In focusing so much on establishing and then breaking down Matty’s new living arrangements with the Hamiltons, the rest of the episode feels a bit like a collection of half-measures. We get a brief interaction between Jenna, Mr. Hart, and Nolan Funk’s Colin in creative writing class, but it’s mostly there to remind us Colin exists rather than to add any further dimension to the character. Tamara goes to a sleepover at Sadie’s house to further expand their budding frenemyship, but any storylines being built around their late night Ouija board session will have to wait for another day. There’s a quick drive-by visit from Valerie as well, but none of it really presents itself as a true B-story, which is one of the challenges of trying to let a comic storyline evolve into a dramatic one: That takes time, time that can keep you from pulling off something similar in the ancillary narratives.

Awkward. is off to a good start this season in that it has managed to function successfully without relying on relationship conflict. Yes, “Indecent Exposure” creates conflict within Jenna and Matty’s relationship, but it isn’t about their relationship so much as it’s about them as individuals. As much as “Boyfriend moves in after getting kicked out by his parents” feels like a cheap construct when we put it in such plain terms, none of the storytelling around it felt cheap; instead, it was funny and silly and sad and meaningful all at once. The one challenge is that the rest of the narrative isn’t really filling in around it, leaving a lot of supporting characters either mostly off-screen—Ming—or feeling disconnected from Jenna’s central story. That story remains strong enough to carry the show further, and the supporting storylines remain charming and funny enough to sustain interest, but there’s pathos to be found outside of Jenna and Matty’s relationship that I’m hopeful the show will explore as the first half of the season continues.

Stray observations:

  • Mr. Hart’s previous experiences have been a bit edgier, but something about this one really reminded me of a teacher I had in high school, Mr. Plato. Something about “That’s it, turds, see you later” gave me visceral flashbacks, and I could totally see him drawing a moustache on someone. Anthony Michael Hall is continuing to give the performance a nice weight, and I enjoy the little drop-ins to creative writing that punctuate an episode’s theme (here the importance of humility).

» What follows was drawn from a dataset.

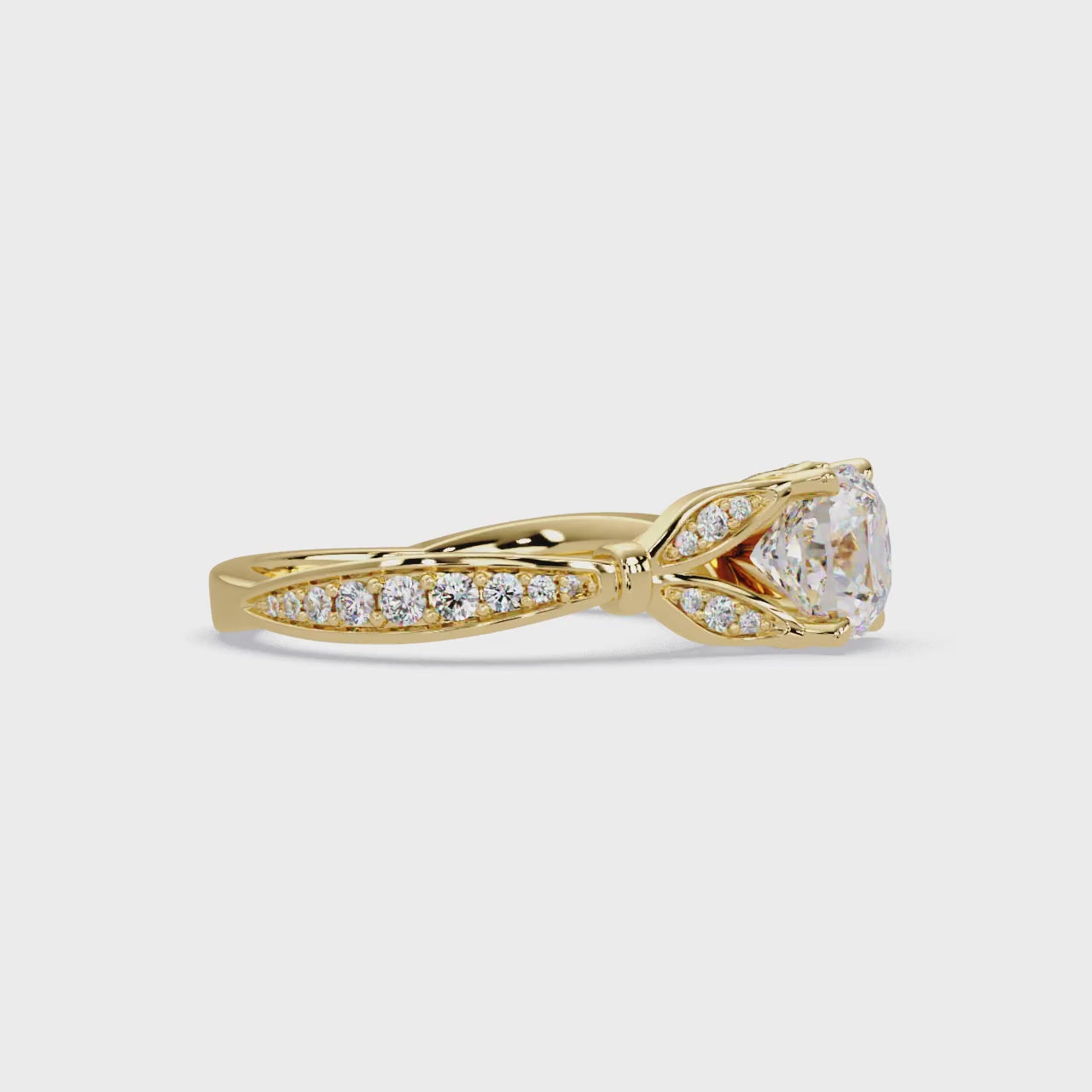 Vintage Cushion Cut Diamond Engagement Ring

  • Given the period at the end of the show’s title, cutting to the title card with a giant box of tampons onscreen is cheeky.

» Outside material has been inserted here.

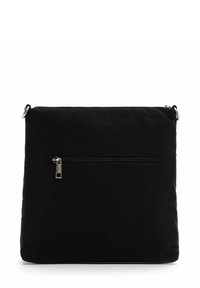 Black nylon crossbody bag with a flat rectangular shape. It features a zippered front pocket, silver hardware, and a smooth texture.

  • “You could easily pass for 25” is normally the kind of in-joke you’d have for a show where 20-somethings play teenagers, but Ashley Rickards is only 21, so Tamara really was just being cruel.
  • As some of you in the comments have predicted, it appears that Lissa did indeed accidentally kill Ricky Schwartz, or at least slept with him and feels guilty about it; we don’t get to see Lissa’s confession to Jake after she escapes the slumber party, but that definitely seemed to be the direction things were taking.
  • “It might be painful and dirty”—the first of what turned out to be multiple examples of anal sex innuendo in the episode.
  • I appreciated the synergy of Girl Code commercials discussing “The Art of the Fart” in an episode where Jenna farting was an act break. Smart, MTV.
  • Jake picks “Stop” for a safeword, confirming his status as the most boring human being on this show right now. I need something, anything, to convince me he can be interesting again.
  • Matty writing his own version of one of Jenna’s blog posts raises an interesting possibility: Like Scrubs, could Awkward. use this expanded season to expand outside of Jenna’s narrative by exploring Sadie’s food journal or Matty’s diary or something similar? As much as I think the narration can hurt the show at times, it does give the writers an easy way to shift focus for an episode if they so desire.
  • “Bet you wish you would have drawn it on your finger instead. Less commitment.” Wisdom, Valerie. True wisdom.